Council of Social Service chief executive Chua Hoi-wai said it would hold a briefing on Wednesday to introduce the programme to non-profit organisations and invite them to run the flats.
But he said the role of his group had not been finalised.
Chua said a landlord had earlier handed over 14 units in Mong Kok to the council for a similar project idea, even before such plans had been mooted by the government.
He said many more units were offered to them after officials spoke in public.
But Chua said they would turn down some flats which had been renovated as illegal subdivided housing.
The Community Chest did not comment directly about its role in the scheme, saying only that it was open to new project ideas.
Chan suggested that those on the public housing waiting list consider more hygienic, safer and relatively more spacious subdivided units that were run by non-profit organisations as a short term measure to ease their plight.
While he acknowledged that the ultimate solution was to build more public housing flats quickly, he said the government should not constrain itself to “one path or one policy”.
Ho Hei-wah, director of human rights advocacy group Society for Community Organisation, hailed the idea.
“Even a small step may have a big impact on affected residents,” he said, adding interim measures did not negate long-term policy.
Ho said he was not too worried about a shortage of landlords willing to rent their flats to welfare groups to operate government-approved subdivided housing.
“Our experience is that there are many old landlords who do not know how to manage their aged units, or simply leave their properties idle without proper maintenance,” Ho said.
“If the government can fund the welfare groups to do the renovation or conversion, it will result in a win-win situation. The landlords can get their properties upgraded, get rents, and needy families can get better accommodation.”
But Ho said he hoped follow-up services would also be offered to the needy families after they move in.
“For example, we should teach them how to pack or store their belongings or make the best use of furniture. Otherwise, it is only to move the tenants from one overcrowded subdivided flat to another equally congested, albeit slightly more spacious one.”
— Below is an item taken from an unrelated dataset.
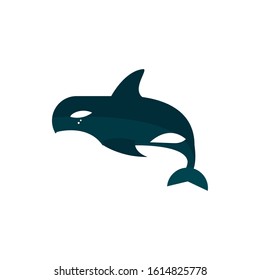 marine life, killer whale orca cartoon sea fauna animal on white background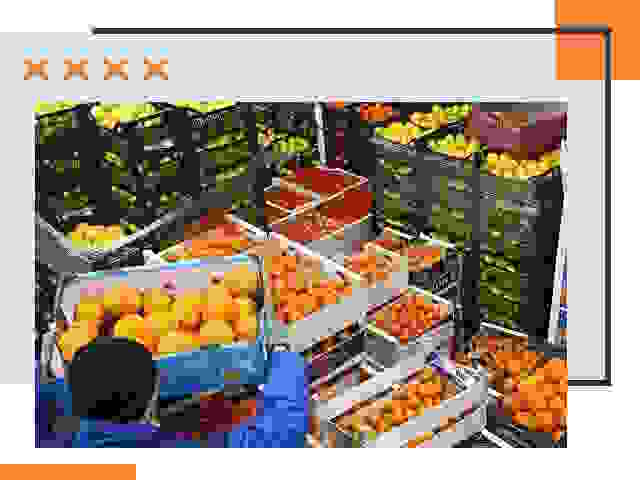 Перевозка скоропортящихся продуктов в чусовом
Simon Yau Yung, an associate professor in housing policy and management at City University, said it was necessary for the government to set a minimum living area per capita for residents who will live in the pre-approved flats.
“The government needs to set a bottom line for occupancy standards, which has also been done in Singapore and Beijing,” Yau said. “When there is no other choice, people can live in smaller flats, but at the same time what is key is that it is safe and hygienic,” he said.
While government figures showed residents in subdivided flats had an average area of 62 sq ft in 2015, many were living in “coffin homes” as small as 15 sq ft – or the size of a single-bed mattress.
Housing Authority guidelines stipulate that public housing residents should have at least 75 sq ft of internal living space per person. In Singapore, the standard is at least 100 sq ft.
Yau, who worked in the Buildings Department, said the government also had to clarify the type of renovations and maintenance work needing pre-approval from the department.
The Hong Kong Institute of Surveyors urged the government to come up with interim design and construction requirements for partitions, drainage, fire safety and ventilation for such flats.